His poems are taught in schools across the country and the images they conjure up of the horrors of war are not easy to forget.
Teaming up with Shropshire Council, Keith Pybus has created War Walks on the Home Front and Walk Number 9 is entitled: Wilfred Owen and the Tracks to the Trenches.
The fascinating walk takes in the imposing railway station where Wilfred’s father worked and from where he set off on his journey to the battlefields of the Western Front.
Hours of research by Mr Pybus have gone in to creating the walk and snippets of information give those enjoying a gentle stroll a feeling of getting behind the famous man.
His war poetry on the horrors of trenches and gas warfare was heavily influenced by his mentor and celebrated poet Siegfried Sassoon. Among his best-known works, most of which were published posthumously, are “Dulce et Decorum est”, “Insensibility”, “Anthem for Doomed Youth”, “Futility”, “Exposure” and “Strange Meeting”.
But his time growing up in Shrewsbury formed the basis of his work from his experiences at the railway station to family walks along the banks of the River Severn and pottering in his grandfather’s garden.
On October 21, 1915, he enlisted in the Artists’ Rifles Officers’ Training Corps.

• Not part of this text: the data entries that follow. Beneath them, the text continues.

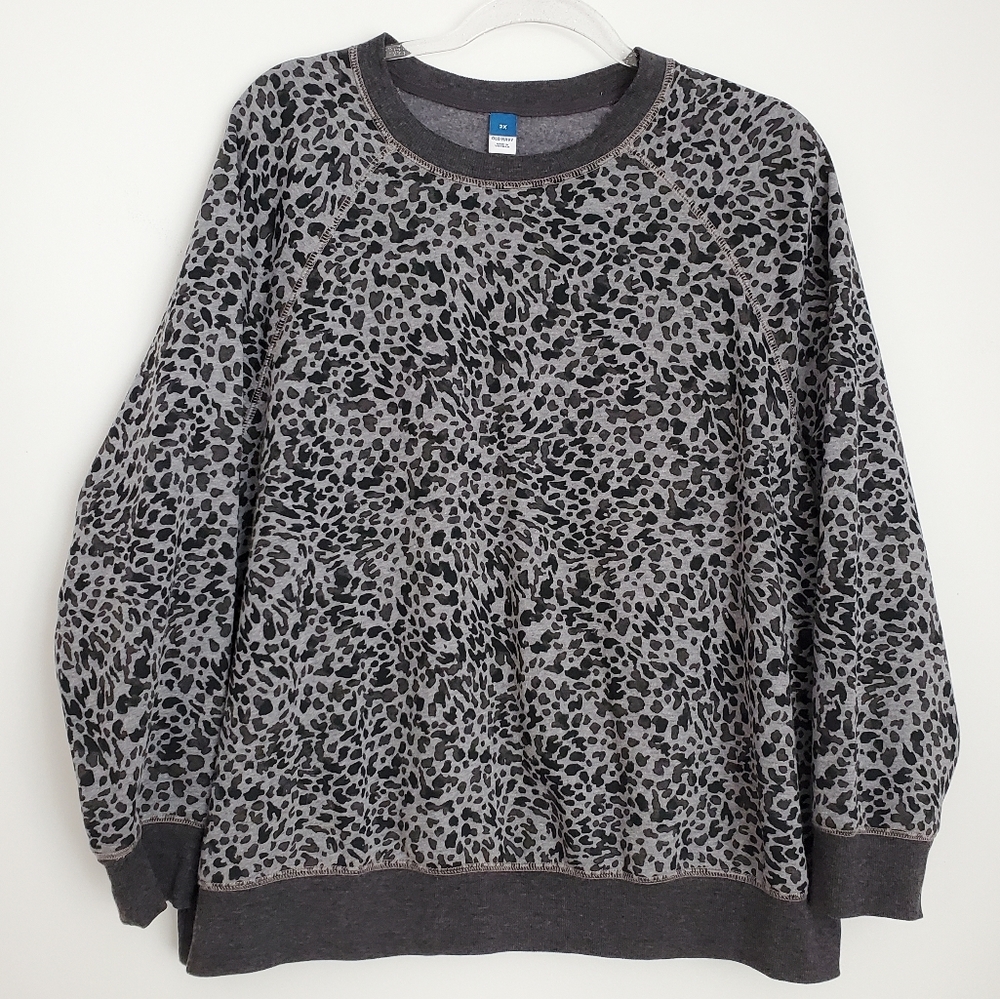 Grey Cheetah Crewneck Sweater 2X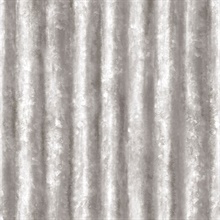 Kirkland Silver Corrugated Metal Wallpaper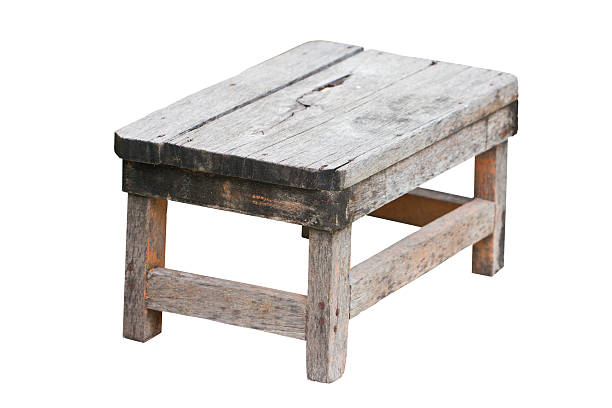 istock Old wooden stool isolated on white background. 464430123
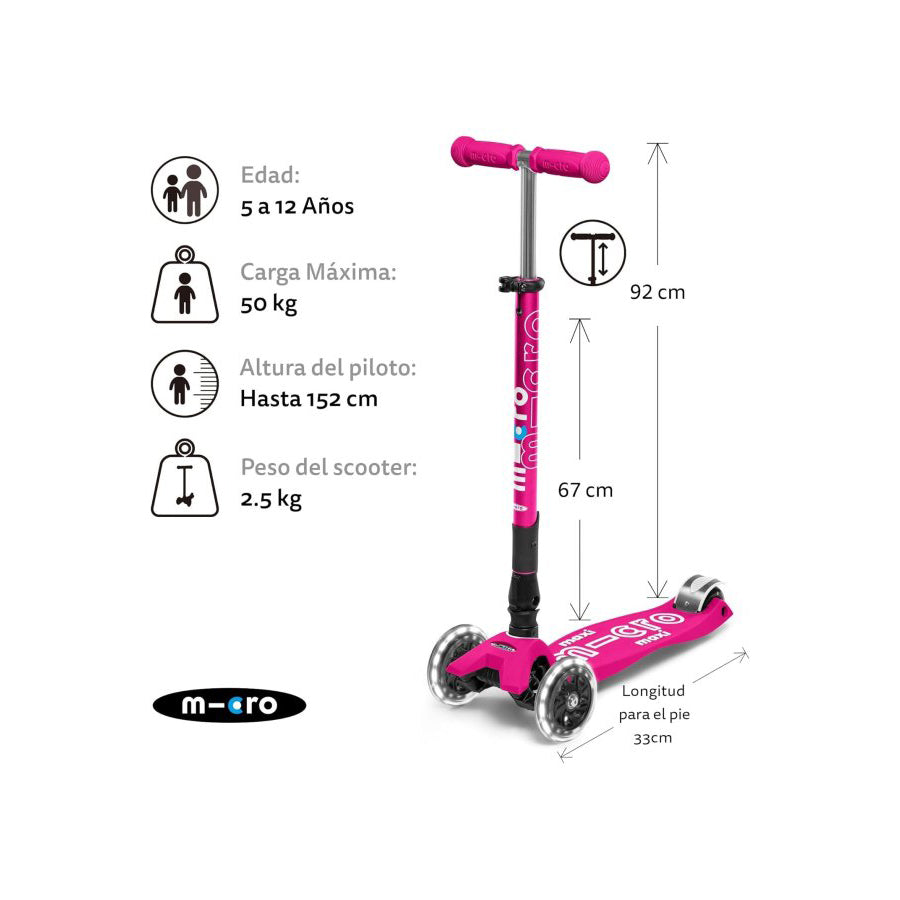 Patinete Micro Maxi Deluxe Plegable LED Rosa Chicle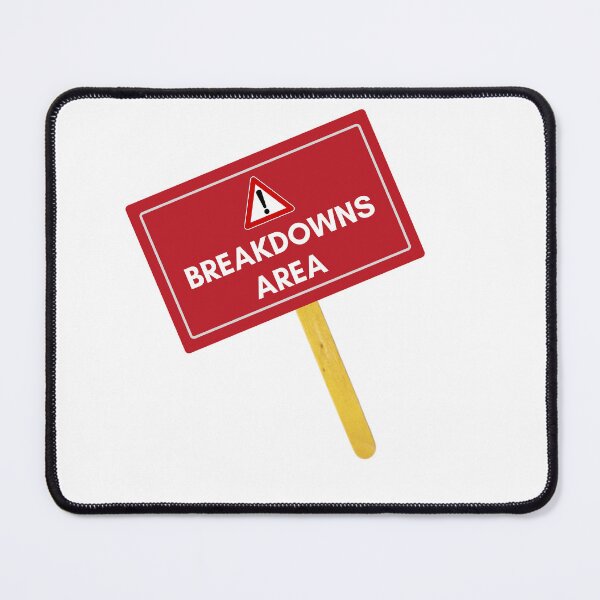 Item preview, Breakdowns Area Student Stress Humor | Exam Pressure Comedy Sign | Academic Meltdown Design designed and sold by TialCorner.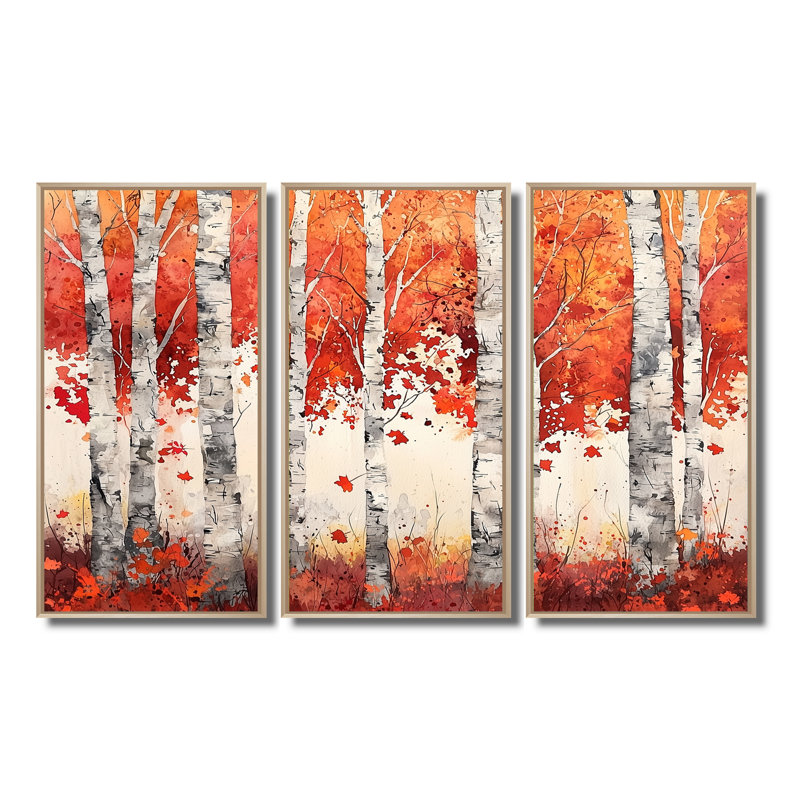 Ensemble de salon art mural automne paysage de bouleaux d'automne Horizon, H 40 po x l 60 po, Naturel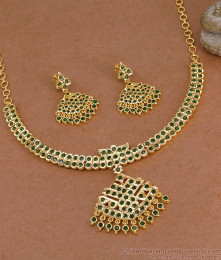 Traditional Emerald Stone Impon Necklace Five Metal Jewelry Set NCKN4559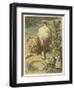 Alice and the Puppy-John Tenniel-Framed Art Print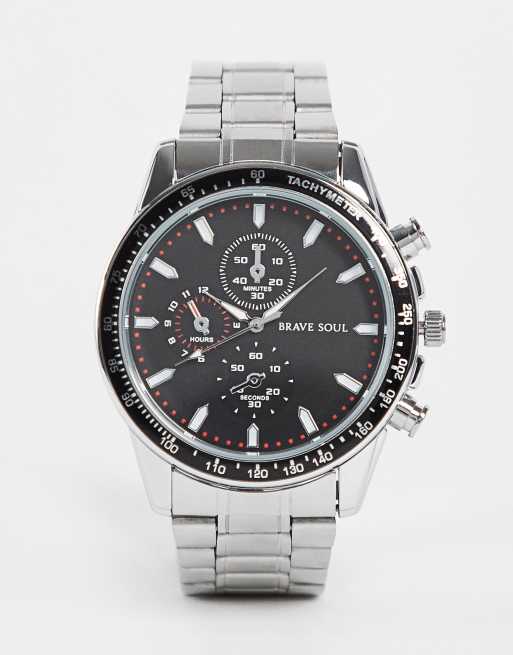 Brave Soul - Orologio con bracciale spesso color argento e nero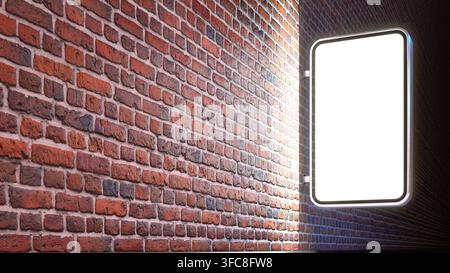 Stadtlicht-Mockup an der schwarzen Ziegelwand, beleuchtet von rotem und blauem Licht. 3D-Illustration Stockfoto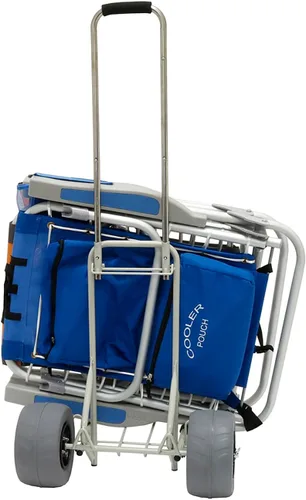 Vista 5 de Mini carrito de playa para arena con ruedas de globo, carrito de playa fácil de enrollar para todos los terrenos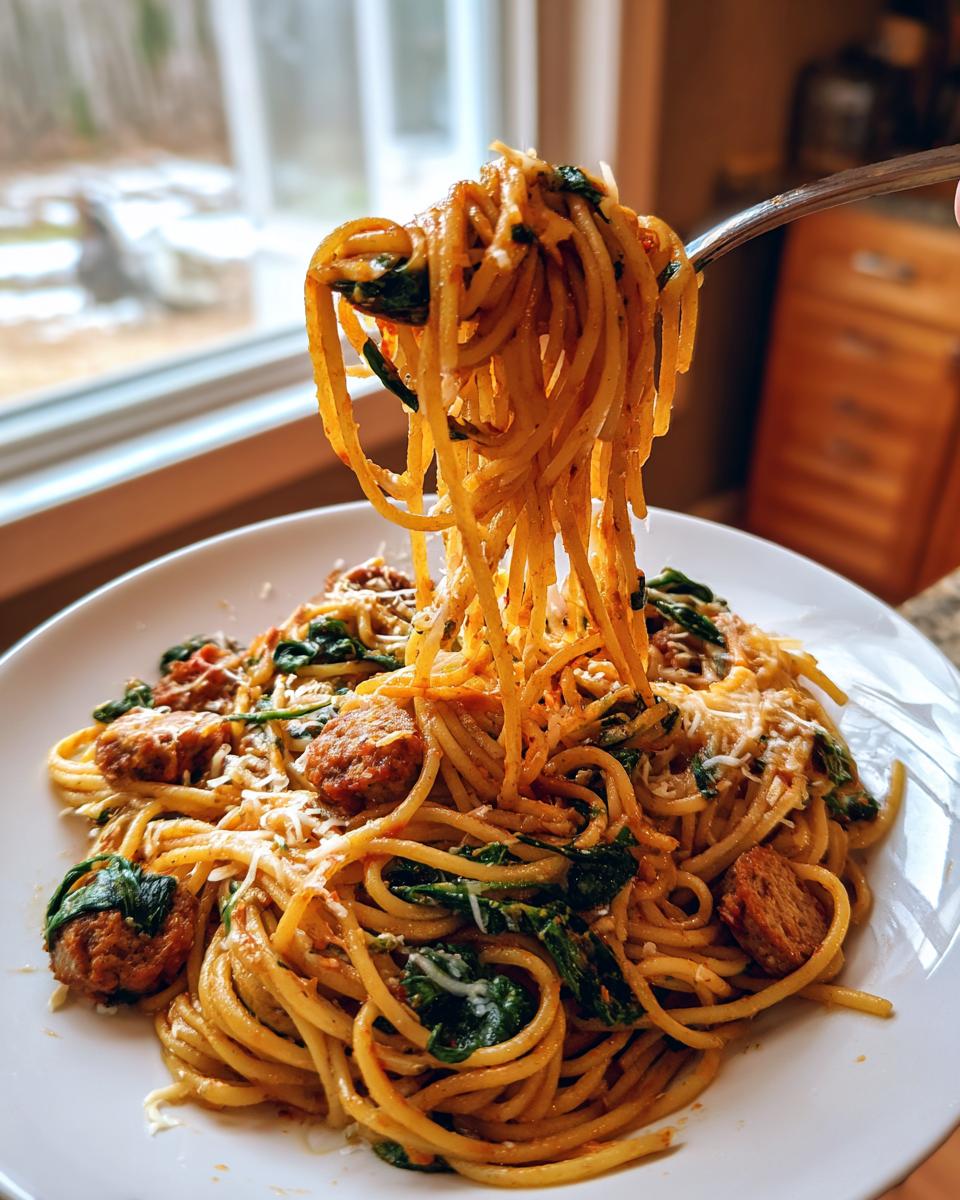A forkful of Garlic Butter Sausage Spaghetti with spinach and grated cheese, served on a white plate.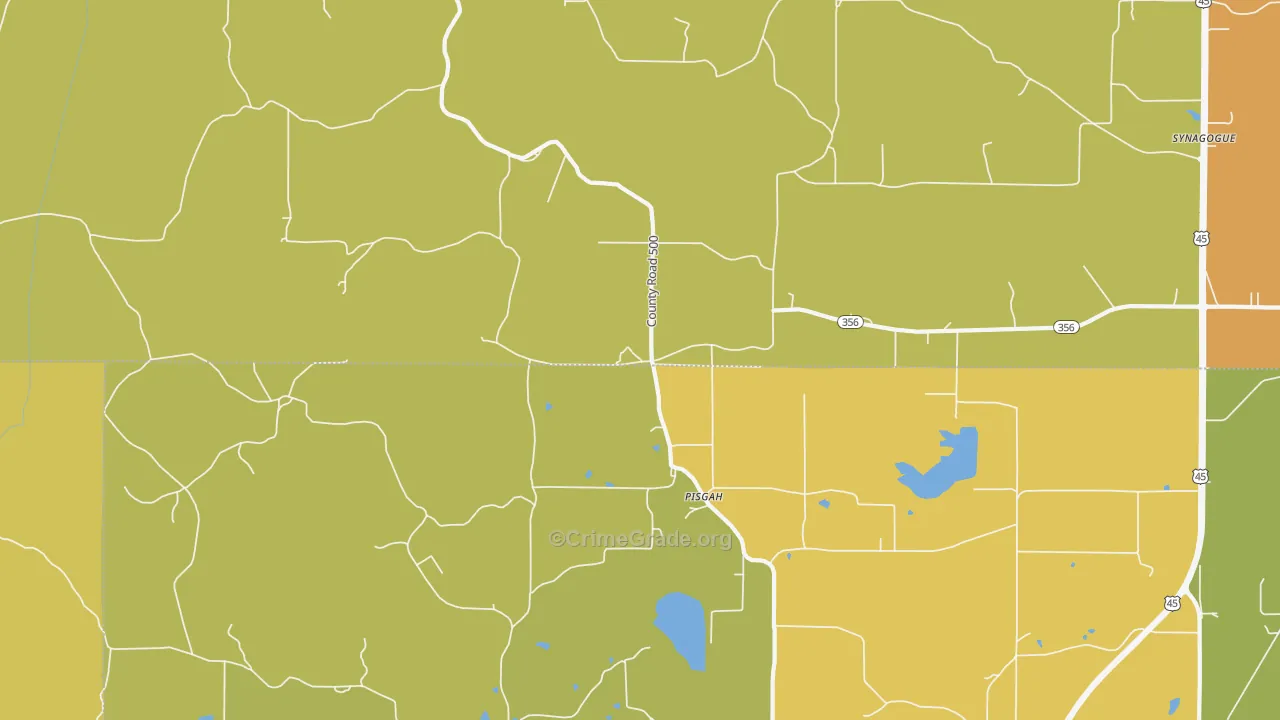 Pisgah, MS Map of Burglary Rates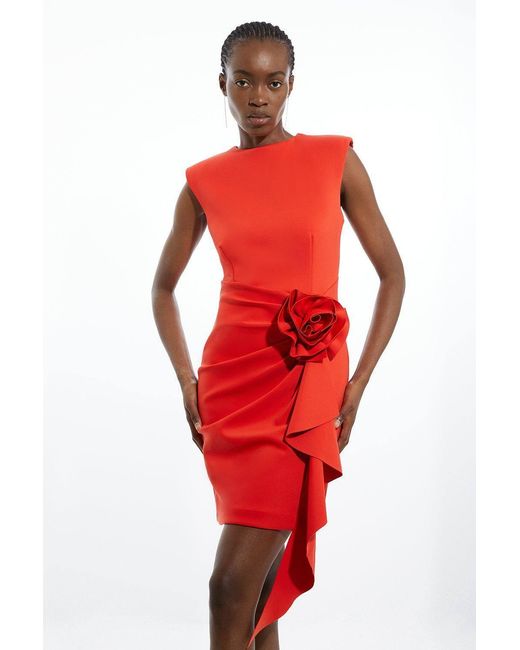 Karen Millen Red Scuba Rosette Detail Woven Mini Dress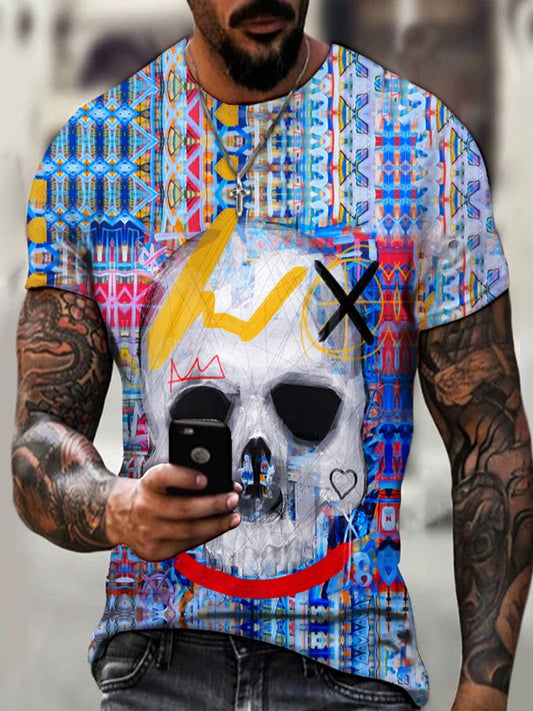 Colorful Skull Print T-Shirt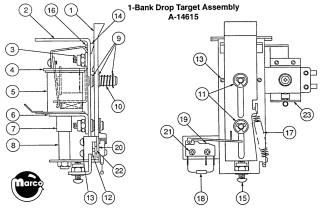 Drop target assembly Williams single - left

For the next seven months, he trained at Hare Hall Camp in Essex and was then commissioned as a second lieutenant in the Manchester Regiment. During his time at the trenches, he fell into a shell hole and suffered concussion, was blown up by a trench mortar and spent several days unconscious on an embankment lying amongst the remains of one of his fellow officers. Soon afterwards, he was diagnosed as suffering from shell shock and sent to Craiglockhart War Hospital in Edinburgh for treatment where he met Siegfried Sassoon.
He returned in July 1918 to active service in France and at the end of August was back at the front line. But he was killed in action on November 4 during the crossing of the Sambre-Oise Canal, exactly one week before the signing of the Armistice which ended the war, and was promoted to the rank of Lieutenant the day after his death. His mother received the telegram informing her of his death on Armistice Day.
He is regarded by many as the greatest poet of the First World War, known for his verse about the horrors of trench and gas warfare. He had been writing poetry for some years before the war, himself dating his poetic beginnings to a stay at Broxton by the Hill when he was 10 years old.
His experiences with religion heavily influenced his poetry, notably in poems such as ‘Anthem for Doomed Youth’, in which the ceremony of a funeral is re-enacted not in a church, but on the battlefield itself, and ‘At a Calvary near the Ancre’, which comments on the Crucifixion of Christ. Owen’s experiences in war led him further to challenge his religious beliefs.